CPCA Lakes

Country Place Community Association owns and maintains four lakes and members are encouraged to use them. Our dues are used to keep the dams, piers and bridges in good repair, to stock and feed the fish, and to mow the shores and areas around the lakes.

The three largest lakes are all fed by the same stream, which begins as a spring on top of the salt dome to our east. There is actually another lake in this chain owned by a farmer. The dam on that lake broke years ago and the silt that flooded downstream choked our first lake for a long time after. The suspended clay has largely settled out now, but we lost a quarter of the lake’s surface area due to the influx of dirt on the upper end. This lake is the Old Lake, or #1 in the sequence. It covers almost three acres and has produced a double-digit bass and a 26-pound high-fin blue catfish, which apparently was mixed in with the fingerling channel cats originally stocked in all our lakes.

The second lake in the chain I refer to as Bream Lake (#2) and represents an experiment in selective stocking undertaken  by former Parks & Lakes manager Jerry Jones. His idea was to replace all the existing catfish and bass in this two-and-a-quarter acre lake with copper nose bluegill to make a kid-friendly fishery. Unfortunately, there is no way to control the fingerling fish that wash down from Old Lake (#1) and only a few years later there is a healthy population of largemouth bass along with some big bluegill.

The third in the chain is Long Lake (#3) and is the largest, with almost 8 acres of surface area. It has produced a number of double-digit bass, along with big channel cats and bluegill. There is a population of crappie, although overpopulation has most of these stunted in the 4-6” size range. Still, they make for great forage for our largemouth bass.  I caught my personal best out of this lake, a 10.5 lb December bass, and know of at least one 13.5 lb fish taken here. Both bass were returned to the water.

A lot of CPCA members get their exercise walking around Long Lake. It’s a natural walking path.

Hidden Lake (#4) is located halfway down our one-mile stretch of private road, Lakeshore, and sits 170 yards back in the woods. It is the smallest of our lakes, at only nine-tenths of an acre, but it is a wonderful place to enjoy the natural beauty of Country Place

If you’re a CPCA member and have children who like to fish or want to learn how, a beginner’s rod, a float, some split-shot, panfish hooks and some worms will catch bream off any or our piers. And you never know when one of those big channel cats will show up hungry!

Morning Walks, Fall 2020

In the mornings I walk. First my dog, then I take my camera and go on a longer jaunt, about four miles.

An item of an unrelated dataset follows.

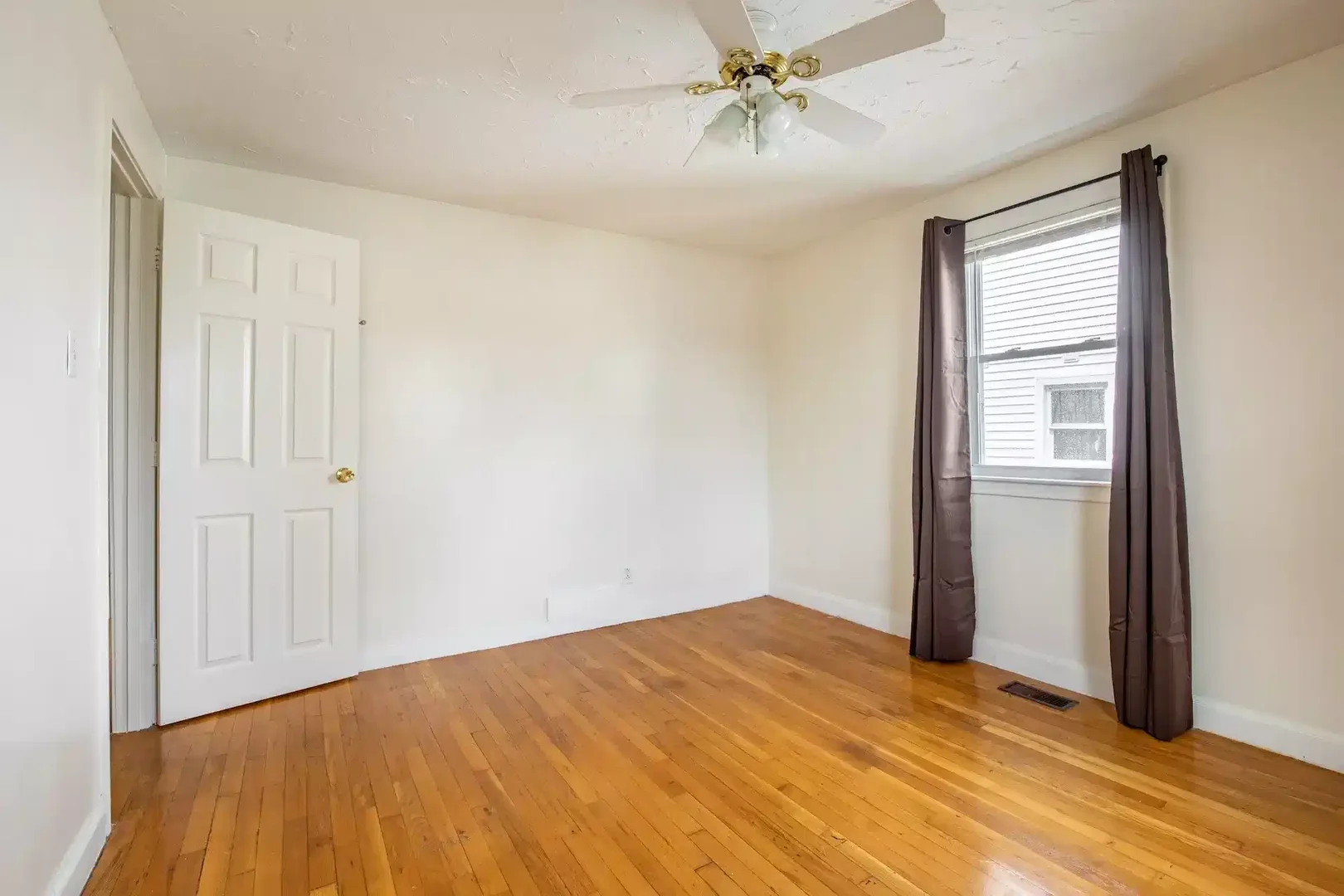 Cozy room for students available in 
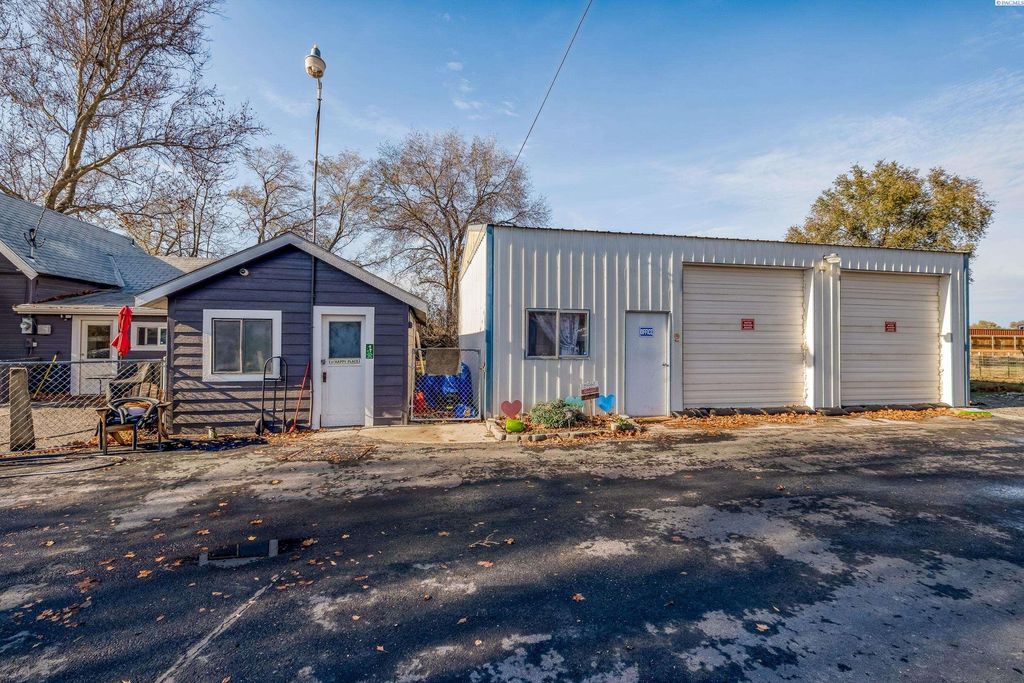 Photo of 919 E 23rd Ave, Kennewick, WA 99337 (MLS # 286690)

In the fall I photograph foliage; this has been a good year for catching color, and Halloween decorations.

Long Lake (#3): New Footbridge

The footbridge across the dam on our Long Lake (#3) had rotted out to the point that it was becoming unsafe, so your board put it out for bid and Roman Landscaping was awarded the job. Andrew and his crew have constructed a very solid footbridge which should last another ten years.

Fish Stocking for 2018

March is fish-stocking time for the lakes. We have historically used $1500 to $2500 annually for stocking.  About eight years ago we tried tilapia and had good luck both from catching and reproduction; although they are vegetarians,  they can be caught on worms.  Their growth was unbelievable and everyone enjoyed fishing for them. We stopped stocking tilapia when we noted there was little if any reproduction being  observed.  We learned that unlike most fish the male is larger than the female.  It was felt that our producer was  selling mainly males to us so we quit stocking tilapia.

We are now getting our stock from Overton Fisheries in Buffalo, TX.  He is raising his own now so it is time to give them another try.  Tilapia are warm water fish and require temperature above 52 degrees to survive, thus the reason for April stocking.  The other fish need to be stocked around mid-March.

You will note that  fathead minnows are being stocked in all lakes, since they are the recommended  forage for all fish. Even the coppernose beam will eat those minnows because they are small.

Bream Lake (#2) should produce some trophy size coppernose this year since they were stocked in March 2015 and it is reported that they will grow to 2 lbs in 3 ½ years on feed.

We plan to add some breeding platforms for the flatheads.  Maybe something like the plastic shopping carts with small holes that will keep larger fish out.  If anyone has an idea for this, please let me know.

Looking forward to another good fishing season, since the lakes are full now and will be well-stocked.